Many stockbrokers use fees that are charged for each transaction they make on your behalf. This means that the more stocks you buy or sell, the more your broker will make from serving you. If your stocks lie dormant for a long period, this may mean your broker doesn’t get many fees at all. Some brokerage agreements may deal with this by charging other fees, such as hourly charges for work done on your portfolio. In this system, there are some telltale signs of overcharging to look out for.
It is important to read your brokerage agreement and understand the fees you should be facing. When you start working with a stockbroker, you may need to sign a contract dictating the terms of the relationship and how the broker gets paid. This could dictate an annual fee, a retainer fee, hourly fees, or, more commonly, transactional fees. Many of the details could be hidden in fine print or within stacks of documents, which may make it hard to find what you should be paying. Regardless, if you end up paying more than was agreed upon, you may have a problem. If you are hit with additional fees, these could be illegal or unjustified expenses you never agreed to.
Since many stockbrokers are paid per transaction, they have a clear incentive to create as many transactions as possible. Brokers may step in and substitute their judgement for your own, buying and selling your stocks at will. These unauthorized transactions could cause damage to your investments, or at least constitute a breach of contract.

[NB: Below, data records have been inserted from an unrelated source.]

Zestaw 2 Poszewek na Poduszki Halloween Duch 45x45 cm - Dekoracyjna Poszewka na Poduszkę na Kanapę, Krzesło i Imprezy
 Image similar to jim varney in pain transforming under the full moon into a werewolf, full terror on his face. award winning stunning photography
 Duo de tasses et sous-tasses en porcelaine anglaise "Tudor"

In some cases, this may even result in seriously unethical abuses. With per-transaction fees, brokers may go beyond a few unauthorized purchases, trades, or sales and make dozens or hundreds of transactions without your knowledge. This “trade churning” can mean you get stuck with a brokerage bill for each transaction. Some of these transactions may even be repeated buying and selling of the same stock, so that you don’t really lose money on the value of the stock – but that means you certainly lose money on transaction fees.
Getting Relief for Victims of Illegal Stockbroker Decisions
If you think your stockbroker may have used any of these techniques or otherwise abused your trust or your money, you may be able to file claims against the broker. Under state and federal law, you may be entitled to file lawsuits to recover compensation. However, these are often costly and may end up costing more than you might recover. Instead, consider turning to FINRA for help.
The Financial Industry Regulatory Authority (FINRA) is a Congress-approved board of financial professionals which essentially govern brokers and financial advisors across the country. They write standards for licensure and certification as well as the regulations and ethics rules for financial industry professionals. They also have a claims board, which gives investors who have been wronged a few options for actions to take.
First, you may be able to file a complaint against the broker. FINRA complaints may require further action on your part to provide evidence of how you were wronged, but are ultimately requests for disciplinary measures. This could lead to FINRA stripping the broker of their certifications or forcing them to take other disciplinary measures.
Second, if you want compensation for your financial harms, you may want to file a FINRA claim. This can either take you through mediation or arbitration, giving you an opportunity to have a neutral, third party examine your case and potentially recommend damages be paid. Mediation is non-binding, and either party can walk away whenever they want. However, arbitration, much like trial, produces a binding decision. If the arbiter decides you are owed money, the FINRA-registered broker will be forced to pay you damages.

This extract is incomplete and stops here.